__Dataset entries__:
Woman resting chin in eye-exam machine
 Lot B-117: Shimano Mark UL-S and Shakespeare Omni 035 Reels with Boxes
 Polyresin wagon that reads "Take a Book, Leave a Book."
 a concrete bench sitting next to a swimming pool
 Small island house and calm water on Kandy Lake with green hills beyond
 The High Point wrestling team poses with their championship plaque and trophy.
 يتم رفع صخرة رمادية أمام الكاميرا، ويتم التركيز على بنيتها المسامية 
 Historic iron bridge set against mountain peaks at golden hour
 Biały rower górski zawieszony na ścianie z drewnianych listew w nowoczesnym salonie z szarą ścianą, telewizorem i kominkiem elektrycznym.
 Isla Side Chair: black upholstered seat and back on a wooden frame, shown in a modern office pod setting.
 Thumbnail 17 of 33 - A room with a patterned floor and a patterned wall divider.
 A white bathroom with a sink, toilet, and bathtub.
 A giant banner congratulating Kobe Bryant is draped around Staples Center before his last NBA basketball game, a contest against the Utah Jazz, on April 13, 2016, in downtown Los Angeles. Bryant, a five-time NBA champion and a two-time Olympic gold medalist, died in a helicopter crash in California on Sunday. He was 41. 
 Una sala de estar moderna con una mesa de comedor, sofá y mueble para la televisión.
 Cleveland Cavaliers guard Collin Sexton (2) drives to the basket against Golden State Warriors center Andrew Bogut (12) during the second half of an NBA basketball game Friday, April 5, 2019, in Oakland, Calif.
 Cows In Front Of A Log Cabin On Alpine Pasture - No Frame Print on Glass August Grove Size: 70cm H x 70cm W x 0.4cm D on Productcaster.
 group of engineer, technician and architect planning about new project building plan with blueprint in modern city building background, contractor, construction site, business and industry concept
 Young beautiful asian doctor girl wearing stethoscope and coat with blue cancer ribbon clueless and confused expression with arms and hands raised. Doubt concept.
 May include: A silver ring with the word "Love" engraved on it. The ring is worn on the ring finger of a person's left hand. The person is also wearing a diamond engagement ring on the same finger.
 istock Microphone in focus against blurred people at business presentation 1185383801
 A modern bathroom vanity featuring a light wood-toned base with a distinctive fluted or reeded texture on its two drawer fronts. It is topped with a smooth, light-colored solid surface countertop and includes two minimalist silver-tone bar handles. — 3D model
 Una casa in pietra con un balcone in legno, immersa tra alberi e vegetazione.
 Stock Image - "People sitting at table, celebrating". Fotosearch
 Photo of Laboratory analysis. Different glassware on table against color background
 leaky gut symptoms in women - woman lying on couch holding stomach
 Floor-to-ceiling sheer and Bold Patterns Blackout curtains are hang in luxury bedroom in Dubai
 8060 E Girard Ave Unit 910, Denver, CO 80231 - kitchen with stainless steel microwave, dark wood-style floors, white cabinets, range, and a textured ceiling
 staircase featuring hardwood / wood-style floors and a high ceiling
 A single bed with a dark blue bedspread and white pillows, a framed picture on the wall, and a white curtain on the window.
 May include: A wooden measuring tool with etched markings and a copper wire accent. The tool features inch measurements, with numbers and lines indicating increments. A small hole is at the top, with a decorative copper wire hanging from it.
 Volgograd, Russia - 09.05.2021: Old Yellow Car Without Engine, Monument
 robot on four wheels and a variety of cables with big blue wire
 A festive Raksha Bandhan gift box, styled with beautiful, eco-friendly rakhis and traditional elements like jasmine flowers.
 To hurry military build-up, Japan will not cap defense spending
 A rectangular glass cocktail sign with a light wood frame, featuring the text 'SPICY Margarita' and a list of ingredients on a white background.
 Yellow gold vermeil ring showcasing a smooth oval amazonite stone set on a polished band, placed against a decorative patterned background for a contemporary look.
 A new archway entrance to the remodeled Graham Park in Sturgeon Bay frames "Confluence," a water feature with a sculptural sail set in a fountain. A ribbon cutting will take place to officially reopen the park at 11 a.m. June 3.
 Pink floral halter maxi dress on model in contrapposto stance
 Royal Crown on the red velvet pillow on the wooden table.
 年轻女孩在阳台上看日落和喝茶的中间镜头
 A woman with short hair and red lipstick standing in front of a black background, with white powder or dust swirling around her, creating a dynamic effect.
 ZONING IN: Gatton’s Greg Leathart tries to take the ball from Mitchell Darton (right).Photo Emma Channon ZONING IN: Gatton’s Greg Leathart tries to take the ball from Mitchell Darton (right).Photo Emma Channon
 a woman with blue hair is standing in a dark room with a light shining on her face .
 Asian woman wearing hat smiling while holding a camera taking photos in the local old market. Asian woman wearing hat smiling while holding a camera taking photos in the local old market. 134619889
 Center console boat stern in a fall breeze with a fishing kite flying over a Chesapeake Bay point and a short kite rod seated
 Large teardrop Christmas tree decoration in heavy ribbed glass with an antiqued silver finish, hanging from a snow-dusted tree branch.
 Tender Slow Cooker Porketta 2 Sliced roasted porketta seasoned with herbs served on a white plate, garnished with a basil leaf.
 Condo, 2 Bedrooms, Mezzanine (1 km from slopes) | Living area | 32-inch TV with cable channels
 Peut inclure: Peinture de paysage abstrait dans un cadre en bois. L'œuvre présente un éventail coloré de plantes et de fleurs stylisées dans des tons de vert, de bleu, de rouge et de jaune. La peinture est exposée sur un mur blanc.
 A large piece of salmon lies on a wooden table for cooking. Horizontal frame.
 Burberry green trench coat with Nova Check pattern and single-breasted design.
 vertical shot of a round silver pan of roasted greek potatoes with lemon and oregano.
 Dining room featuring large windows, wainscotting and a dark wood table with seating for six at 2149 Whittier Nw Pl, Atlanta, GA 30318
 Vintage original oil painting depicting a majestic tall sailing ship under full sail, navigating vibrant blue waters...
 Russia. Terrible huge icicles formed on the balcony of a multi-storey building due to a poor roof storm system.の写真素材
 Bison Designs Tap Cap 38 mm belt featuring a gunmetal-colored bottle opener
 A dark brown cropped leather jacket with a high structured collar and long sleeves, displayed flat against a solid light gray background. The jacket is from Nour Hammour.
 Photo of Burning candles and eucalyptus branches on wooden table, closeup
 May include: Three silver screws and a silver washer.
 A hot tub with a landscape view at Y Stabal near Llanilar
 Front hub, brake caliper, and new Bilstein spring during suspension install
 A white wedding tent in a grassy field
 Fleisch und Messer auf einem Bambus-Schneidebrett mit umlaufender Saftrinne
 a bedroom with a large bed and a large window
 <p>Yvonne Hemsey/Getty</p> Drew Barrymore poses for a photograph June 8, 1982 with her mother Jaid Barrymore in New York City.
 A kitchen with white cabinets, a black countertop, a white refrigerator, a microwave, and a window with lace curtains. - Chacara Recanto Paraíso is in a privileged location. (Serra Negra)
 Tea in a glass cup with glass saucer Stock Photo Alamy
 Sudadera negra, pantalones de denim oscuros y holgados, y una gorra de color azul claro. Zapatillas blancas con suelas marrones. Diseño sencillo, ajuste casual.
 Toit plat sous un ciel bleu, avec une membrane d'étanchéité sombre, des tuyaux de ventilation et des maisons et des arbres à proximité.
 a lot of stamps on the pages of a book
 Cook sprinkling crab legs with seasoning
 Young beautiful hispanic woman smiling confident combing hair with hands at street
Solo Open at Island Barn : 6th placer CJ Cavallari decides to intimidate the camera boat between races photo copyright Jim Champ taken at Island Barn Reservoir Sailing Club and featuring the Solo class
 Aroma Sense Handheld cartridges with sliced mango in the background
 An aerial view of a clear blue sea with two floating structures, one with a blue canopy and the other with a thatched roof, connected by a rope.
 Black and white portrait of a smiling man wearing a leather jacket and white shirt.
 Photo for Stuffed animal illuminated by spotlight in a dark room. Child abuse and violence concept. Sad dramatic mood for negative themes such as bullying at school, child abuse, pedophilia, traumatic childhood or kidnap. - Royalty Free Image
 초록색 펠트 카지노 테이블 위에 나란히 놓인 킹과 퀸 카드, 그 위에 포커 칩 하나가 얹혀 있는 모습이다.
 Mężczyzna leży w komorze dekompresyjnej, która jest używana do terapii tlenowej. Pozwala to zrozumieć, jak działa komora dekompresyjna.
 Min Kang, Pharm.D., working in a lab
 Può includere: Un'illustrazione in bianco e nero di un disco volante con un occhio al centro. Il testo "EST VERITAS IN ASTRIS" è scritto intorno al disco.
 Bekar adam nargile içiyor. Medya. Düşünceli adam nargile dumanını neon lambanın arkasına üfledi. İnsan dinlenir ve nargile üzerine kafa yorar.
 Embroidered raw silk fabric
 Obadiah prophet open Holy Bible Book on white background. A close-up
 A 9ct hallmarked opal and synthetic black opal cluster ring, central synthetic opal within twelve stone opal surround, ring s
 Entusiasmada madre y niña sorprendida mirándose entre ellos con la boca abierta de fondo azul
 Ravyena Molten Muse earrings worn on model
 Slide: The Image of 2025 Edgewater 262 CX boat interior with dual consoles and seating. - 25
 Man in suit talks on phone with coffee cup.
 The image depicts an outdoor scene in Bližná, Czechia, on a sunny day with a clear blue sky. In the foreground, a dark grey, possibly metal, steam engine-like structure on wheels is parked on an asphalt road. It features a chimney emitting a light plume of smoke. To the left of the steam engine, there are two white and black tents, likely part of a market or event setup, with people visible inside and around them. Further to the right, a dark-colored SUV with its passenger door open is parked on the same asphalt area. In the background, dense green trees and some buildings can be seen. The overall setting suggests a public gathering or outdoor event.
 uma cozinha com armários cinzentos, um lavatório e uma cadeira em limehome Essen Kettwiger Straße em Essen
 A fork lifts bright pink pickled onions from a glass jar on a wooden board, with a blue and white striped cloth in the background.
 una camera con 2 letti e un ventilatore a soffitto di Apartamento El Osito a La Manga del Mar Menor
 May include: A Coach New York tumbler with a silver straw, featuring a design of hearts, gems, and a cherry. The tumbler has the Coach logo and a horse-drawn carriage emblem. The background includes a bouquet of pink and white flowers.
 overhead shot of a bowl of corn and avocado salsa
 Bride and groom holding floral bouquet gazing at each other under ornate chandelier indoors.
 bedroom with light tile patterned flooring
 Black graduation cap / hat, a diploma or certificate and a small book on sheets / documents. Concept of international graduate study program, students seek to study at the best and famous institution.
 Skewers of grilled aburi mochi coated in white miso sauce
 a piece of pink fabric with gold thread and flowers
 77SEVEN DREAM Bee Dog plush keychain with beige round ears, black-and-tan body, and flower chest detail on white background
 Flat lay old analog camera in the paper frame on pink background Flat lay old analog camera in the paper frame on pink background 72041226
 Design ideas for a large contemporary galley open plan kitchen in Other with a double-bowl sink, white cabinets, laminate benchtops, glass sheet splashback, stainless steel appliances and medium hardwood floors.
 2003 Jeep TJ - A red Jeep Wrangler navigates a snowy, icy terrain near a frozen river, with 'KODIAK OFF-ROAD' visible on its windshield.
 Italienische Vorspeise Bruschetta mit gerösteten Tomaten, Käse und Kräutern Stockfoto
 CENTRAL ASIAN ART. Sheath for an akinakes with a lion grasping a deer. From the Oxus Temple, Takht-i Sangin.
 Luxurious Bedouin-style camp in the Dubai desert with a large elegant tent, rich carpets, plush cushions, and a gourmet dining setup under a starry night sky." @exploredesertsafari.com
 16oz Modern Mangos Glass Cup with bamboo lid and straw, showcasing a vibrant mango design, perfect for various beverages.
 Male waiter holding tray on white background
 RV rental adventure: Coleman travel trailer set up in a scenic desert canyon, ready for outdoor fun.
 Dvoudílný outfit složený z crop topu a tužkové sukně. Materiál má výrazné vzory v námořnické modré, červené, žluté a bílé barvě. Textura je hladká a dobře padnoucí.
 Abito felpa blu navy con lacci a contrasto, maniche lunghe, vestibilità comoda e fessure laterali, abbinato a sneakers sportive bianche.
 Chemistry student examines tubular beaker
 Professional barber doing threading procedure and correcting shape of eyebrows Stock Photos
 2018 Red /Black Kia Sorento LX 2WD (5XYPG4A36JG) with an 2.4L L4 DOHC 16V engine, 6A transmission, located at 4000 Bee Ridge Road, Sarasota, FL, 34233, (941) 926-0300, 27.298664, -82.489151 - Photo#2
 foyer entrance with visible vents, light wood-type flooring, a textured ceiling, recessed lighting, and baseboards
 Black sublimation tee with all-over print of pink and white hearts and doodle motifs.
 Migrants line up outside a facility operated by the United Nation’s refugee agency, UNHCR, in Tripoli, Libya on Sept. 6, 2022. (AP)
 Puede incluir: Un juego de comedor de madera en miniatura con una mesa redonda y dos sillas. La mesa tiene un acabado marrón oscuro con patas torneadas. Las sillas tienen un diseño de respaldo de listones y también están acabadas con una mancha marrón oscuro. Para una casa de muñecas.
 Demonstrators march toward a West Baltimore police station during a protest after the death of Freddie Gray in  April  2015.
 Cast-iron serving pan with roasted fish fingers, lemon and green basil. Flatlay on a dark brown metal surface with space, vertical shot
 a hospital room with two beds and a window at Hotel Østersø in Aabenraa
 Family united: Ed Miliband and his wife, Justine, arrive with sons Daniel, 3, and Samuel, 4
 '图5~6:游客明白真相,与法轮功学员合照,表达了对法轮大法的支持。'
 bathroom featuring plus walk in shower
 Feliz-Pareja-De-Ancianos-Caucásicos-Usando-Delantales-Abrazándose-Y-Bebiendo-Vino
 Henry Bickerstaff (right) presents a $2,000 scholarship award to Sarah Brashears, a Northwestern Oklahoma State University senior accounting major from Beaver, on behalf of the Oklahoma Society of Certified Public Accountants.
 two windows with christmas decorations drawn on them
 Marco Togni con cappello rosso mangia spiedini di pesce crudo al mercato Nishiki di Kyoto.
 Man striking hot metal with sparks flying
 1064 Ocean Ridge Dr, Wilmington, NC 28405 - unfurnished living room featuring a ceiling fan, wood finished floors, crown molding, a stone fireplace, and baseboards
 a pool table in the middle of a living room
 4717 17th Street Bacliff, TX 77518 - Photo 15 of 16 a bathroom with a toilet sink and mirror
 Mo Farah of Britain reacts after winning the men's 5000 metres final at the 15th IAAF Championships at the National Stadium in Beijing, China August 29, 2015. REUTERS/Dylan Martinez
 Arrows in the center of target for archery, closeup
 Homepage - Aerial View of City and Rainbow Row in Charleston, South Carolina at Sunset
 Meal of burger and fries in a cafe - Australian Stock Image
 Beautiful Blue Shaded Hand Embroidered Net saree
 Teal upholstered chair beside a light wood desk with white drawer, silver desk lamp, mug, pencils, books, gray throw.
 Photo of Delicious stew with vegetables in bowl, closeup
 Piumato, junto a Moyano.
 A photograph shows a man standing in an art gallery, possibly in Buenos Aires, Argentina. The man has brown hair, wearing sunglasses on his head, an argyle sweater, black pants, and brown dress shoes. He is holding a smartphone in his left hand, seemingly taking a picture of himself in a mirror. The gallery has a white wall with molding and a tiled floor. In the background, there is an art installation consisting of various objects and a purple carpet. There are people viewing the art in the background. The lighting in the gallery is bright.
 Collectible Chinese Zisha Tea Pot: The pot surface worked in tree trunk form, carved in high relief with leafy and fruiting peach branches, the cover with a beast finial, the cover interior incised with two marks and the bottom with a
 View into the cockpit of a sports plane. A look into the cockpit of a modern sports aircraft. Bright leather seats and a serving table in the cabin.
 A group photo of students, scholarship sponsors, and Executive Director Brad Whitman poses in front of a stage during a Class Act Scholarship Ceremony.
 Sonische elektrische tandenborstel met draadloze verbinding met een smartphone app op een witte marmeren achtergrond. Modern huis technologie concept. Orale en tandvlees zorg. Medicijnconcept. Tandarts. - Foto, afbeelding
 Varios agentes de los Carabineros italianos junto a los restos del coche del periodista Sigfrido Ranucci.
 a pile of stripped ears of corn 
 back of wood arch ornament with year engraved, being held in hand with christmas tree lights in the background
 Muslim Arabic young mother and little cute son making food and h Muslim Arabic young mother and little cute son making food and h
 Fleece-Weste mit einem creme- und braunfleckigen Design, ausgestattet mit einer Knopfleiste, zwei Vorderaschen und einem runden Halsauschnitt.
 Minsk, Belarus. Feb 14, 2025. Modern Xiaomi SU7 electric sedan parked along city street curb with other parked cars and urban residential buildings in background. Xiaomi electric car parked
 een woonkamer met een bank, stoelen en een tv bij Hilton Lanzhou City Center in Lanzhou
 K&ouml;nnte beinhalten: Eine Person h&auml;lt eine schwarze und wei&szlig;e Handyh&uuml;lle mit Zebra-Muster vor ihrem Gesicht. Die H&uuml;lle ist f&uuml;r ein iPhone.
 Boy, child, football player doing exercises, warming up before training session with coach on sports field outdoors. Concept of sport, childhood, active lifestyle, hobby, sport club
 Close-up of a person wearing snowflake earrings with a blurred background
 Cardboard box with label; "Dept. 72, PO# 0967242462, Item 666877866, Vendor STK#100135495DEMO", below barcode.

__Work instruction__:
Produce only the lines from the line containing "a concrete bench" through the line containing "May include: A silver", inclusive of both, exactly as they stand in the entries above.

__Written answer__:
 a concrete bench sitting next to a swimming pool
 Small island house and calm water on Kandy Lake with green hills beyond
 The High Point wrestling team poses with their championship plaque and trophy.
 يتم رفع صخرة رمادية أمام الكاميرا، ويتم التركيز على بنيتها المسامية 
 Historic iron bridge set against mountain peaks at golden hour
 Biały rower górski zawieszony na ścianie z drewnianych listew w nowoczesnym salonie z szarą ścianą, telewizorem i kominkiem elektrycznym.
 Isla Side Chair: black upholstered seat and back on a wooden frame, shown in a modern office pod setting.
 Thumbnail 17 of 33 - A room with a patterned floor and a patterned wall divider.
 A white bathroom with a sink, toilet, and bathtub.
 A giant banner congratulating Kobe Bryant is draped around Staples Center before his last NBA basketball game, a contest against the Utah Jazz, on April 13, 2016, in downtown Los Angeles. Bryant, a five-time NBA champion and a two-time Olympic gold medalist, died in a helicopter crash in California on Sunday. He was 41. 
 Una sala de estar moderna con una mesa de comedor, sofá y mueble para la televisión.
 Cleveland Cavaliers guard Collin Sexton (2) drives to the basket against Golden State Warriors center Andrew Bogut (12) during the second half of an NBA basketball game Friday, April 5, 2019, in Oakland, Calif.
 Cows In Front Of A Log Cabin On Alpine Pasture - No Frame Print on Glass August Grove Size: 70cm H x 70cm W x 0.4cm D on Productcaster.
 group of engineer, technician and architect planning about new project building plan with blueprint in modern city building background, contractor, construction site, business and industry concept
 Young beautiful asian doctor girl wearing stethoscope and coat with blue cancer ribbon clueless and confused expression with arms and hands raised. Doubt concept.
 May include: A silver ring with the word "Love" engraved on it. The ring is worn on the ring finger of a person's left hand. The person is also wearing a diamond engagement ring on the same finger.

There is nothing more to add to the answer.